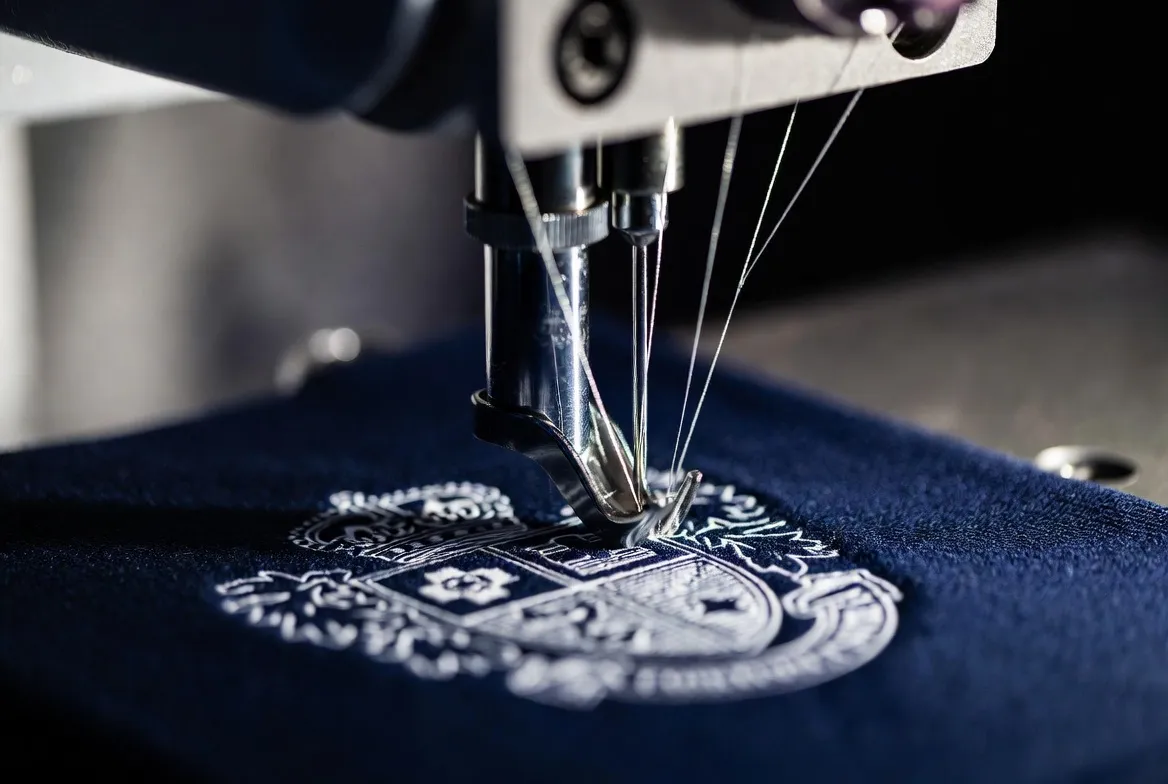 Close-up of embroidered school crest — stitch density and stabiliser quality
--
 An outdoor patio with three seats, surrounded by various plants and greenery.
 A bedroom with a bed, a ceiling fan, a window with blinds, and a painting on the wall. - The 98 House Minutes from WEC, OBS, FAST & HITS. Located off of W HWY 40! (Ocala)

TASK INSTRUCTIONS — Your task is to collect every line above that contains the word "with".

RESULT OF THE TASK —
 An outdoor patio with three seats, surrounded by various plants and greenery.
 A bedroom with a bed, a ceiling fan, a window with blinds, and a painting on the wall. - The 98 House Minutes from WEC, OBS, FAST & HITS. Located off of W HWY 40! (Ocala)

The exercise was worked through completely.